Coming-Of-Age

Coming-of-age novels, as I’ve mentioned before, have always been among my favorites in fiction. I don’t know why that is, but I can make some reasonable guesses. Because I especially enjoy character-driven stories, it makes sense that I would like coming-of-age fiction. Also, there is a personal reason. You see, I was a late bloomer. It took me a while to become the mature adult that I am now. I like to think that I’ve learned from my mistakes, and that it’s never too late to continue learning and becoming a stronger, better human being.

Here is a list of coming-of-age novels I’ve recently read and recommend:

The Tea Girl of Hummingbird Lane by Lisa See. Set in China and Southern California, this story focuses on a young woman, raised in a Chinese hill tribe, who becomes self-sufficient and learns to adapt to city life and western culture.

The Education of Margot Sanchez by Lilliam Rivera. Margot is a fifteen-year-old with a stubborn streak. She makes some wrong decisions and learns life lessons the hard way.

Brown Girl, Brownstones by Paule Marshall. The teenage daughter of Barbadian immigrants faces a difficult search for her niche in American society.

–I Am Not Your Perfect Mexican Daughter by Erika Sanchez. Soon-to-be filmed. It should make a terrific movie. Julia, the protagonist, has a lot going on in her life, and there’s a reason for her moody ways that goes beyond the average teen’s issues. I especially appreciate the author’s depiction of Mexican-American culture.

Flaming Iguanas by Erika Lopez. A young woman slowly realizes her bisexuality while on a hilarious cross-country motorcycle trek. R-rated for sexual language and visuals (the author’s art work).
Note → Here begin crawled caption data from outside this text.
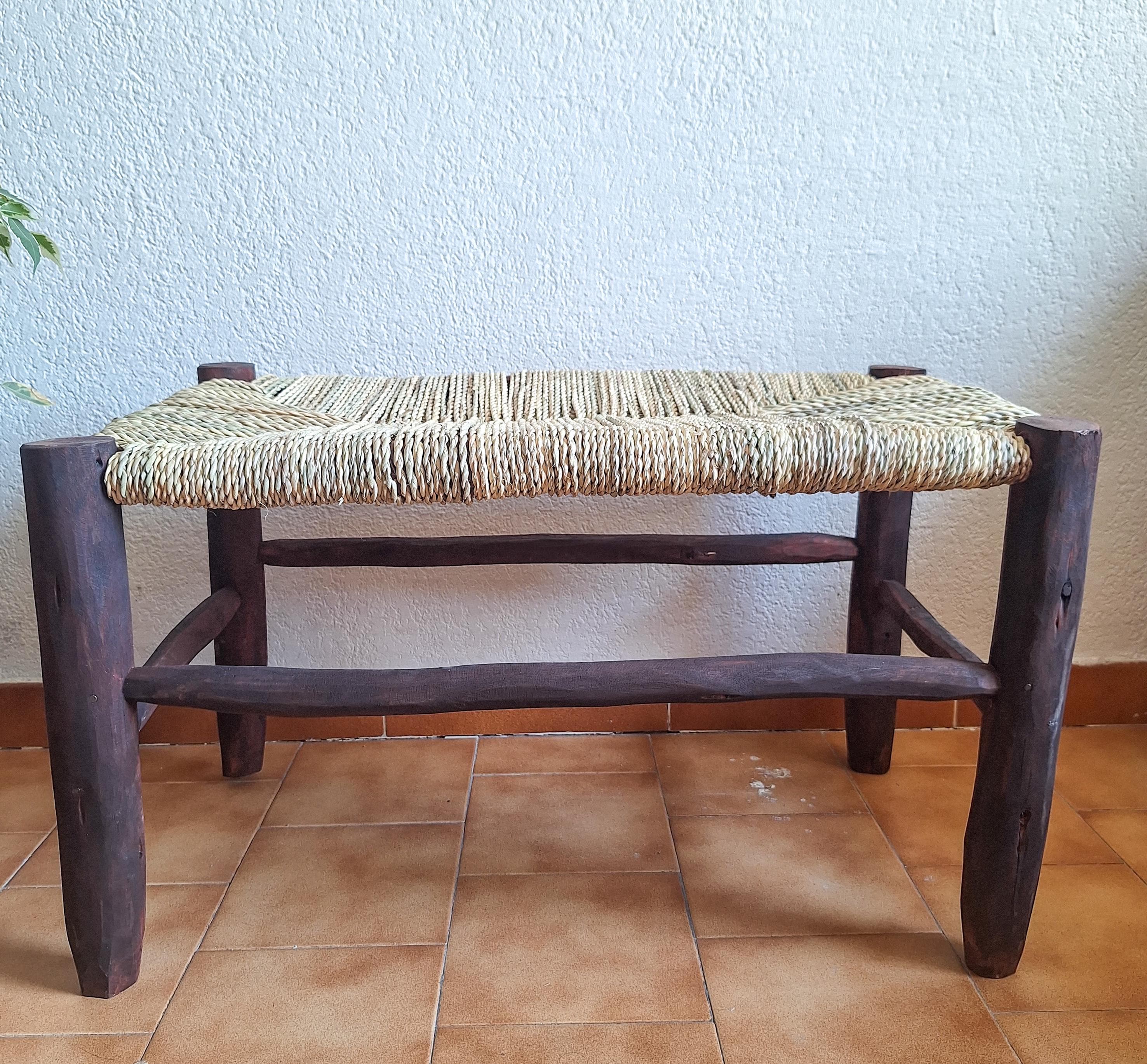 Banc marocain en bois foncé et assise tressée en feuilles de palmier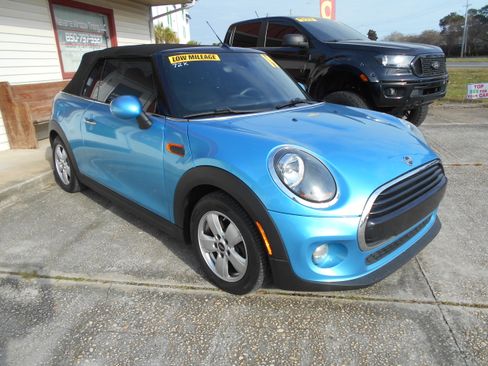 Used 2019 MINI Cooper image 2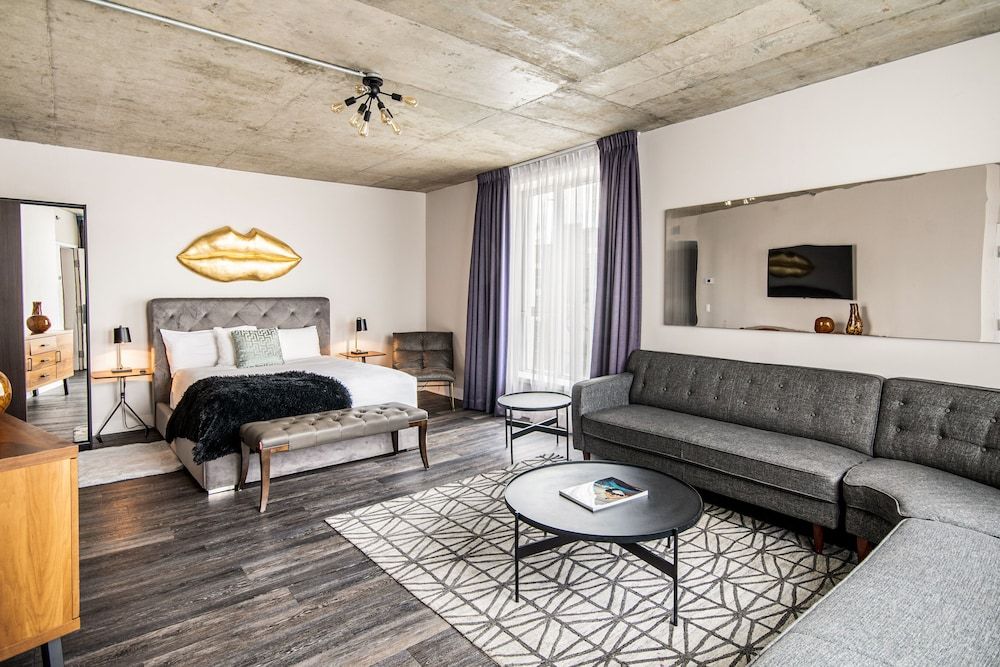 undefined HOTEL 10 9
The Hate U Give by Angie Thomas. Another soon-to-be film that should be terrific. An African-American teen’s life is disrupted when her friend is shot by police. She also has to come to terms with the double life she lives in her neighborhood and in the largely white school she attends.

Girl in Translation by Jean Kwok. The young Chinese American girl in Kwok’s novel has to decide between what she wants and what is expected of her.